Astronomers have detected the second most powerful cosmic ray ever recorded, but it seems to have come from an empty region of the universe known as a cosmic void, where there is nothing obvious it could have originated from.

This mysterious cosmic ray, which is probably a charged particle nucleus of some variety, such as carbon or oxygen, has been dubbed Amaterasu after the Japanese sun goddess.

Possible explanations for it include magnetic fields steering the particle off-course, an invisible source in another galaxy or exotic new cosmic phenomena.

“The first time I saw the result, I thought that it should be some mistake, it was much more energetic than my expectations,” says Toshihiro Fujii at Osaka Metropolitan University in Japan. “At the beginning, I thought it was a bit unlucky as it had no source, but actually it is lucky, because we found a new mystery.”
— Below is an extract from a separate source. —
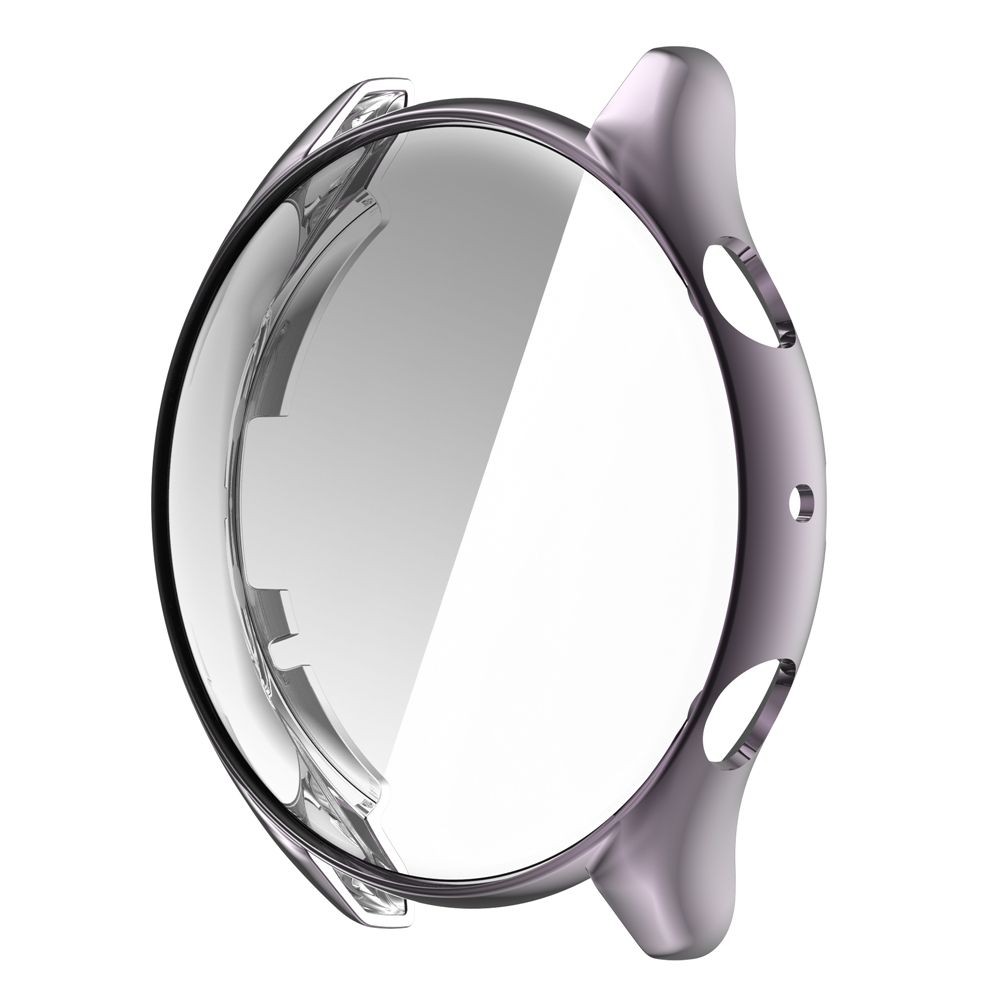 Shell Full Coverage Screen Protector Protective TPU Case Cover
Fujii and his colleagues spotted the event using the Telescope Array in Utah, a collection of more than 500 sensors that can detect showers of particles raining down from extremely energetic particle collisions with Earth’s atmosphere.

By working back from the sensors’ detections and using particle physics models, researchers can reconstruct the energy and direction of an incoming particle.

On 27 May 2021, a group of the sensors lit up with signals that implied a particle had exploded above them with an energy of about 244 exaelectronvolts (EeV), which is equivalent to the energy of a tennis ball moving at nearly 100 kilometres per hour, squeezed into an atomic-sized object.

Events at this energy are extremely rare, and only four particles have been recorded above 200 EeV. The most energetic particle, a 320 EeV particle called the “Oh-My-God particle”, still isn’t fully explained.

These ultra-high-energy cosmic rays are thought to be produced in exotic astrophysical events, such as in supermassive black holes or gamma ray bursts. But when Fujii and his colleagues examined the part of the sky that the particle had come from, they could see no obvious source.

It is possible that the cosmic ray came from somewhere else and veered off course because of the effect of an object’s magnetic fields, but with the particle still having such a high energy when it arrived, this change of direction can only have been minimal, unless our models of extragalactic magnetic fields are incorrect, says Fujii.

The higher the charge of the particle nucleus, the bigger the deflection, but even the maximum deflection, which would come from a highly charged iron nucleus, doesn’t provide a change in trajectory that leads to a possible source.

Higher-energy particles lose energy when interacting with the cosmic microwave background (CMB), a background buzz of radiation left over from the big bang. This limits how far these ultra-energetic rays can travel, but if the charged particle is a more exotic phenomenon that doesn’t interact with the CMB, then it could have come from much more distant galaxies that we can’t detect, says Fujii.

It is a puzzling scenario, says Justin Bray at the University of Manchester, UK, partly because we have so few examples of extremely high-energy cosmic rays and many of them have been detected in different ways, which makes it difficult to compare and analyse them as a group.

Although differentiating between possible sources for Amaterasu is tricky, says Bray, claims of a new particle would require extraordinary evidence. “It is a fairly out-there possibility, but of course very exciting if true.”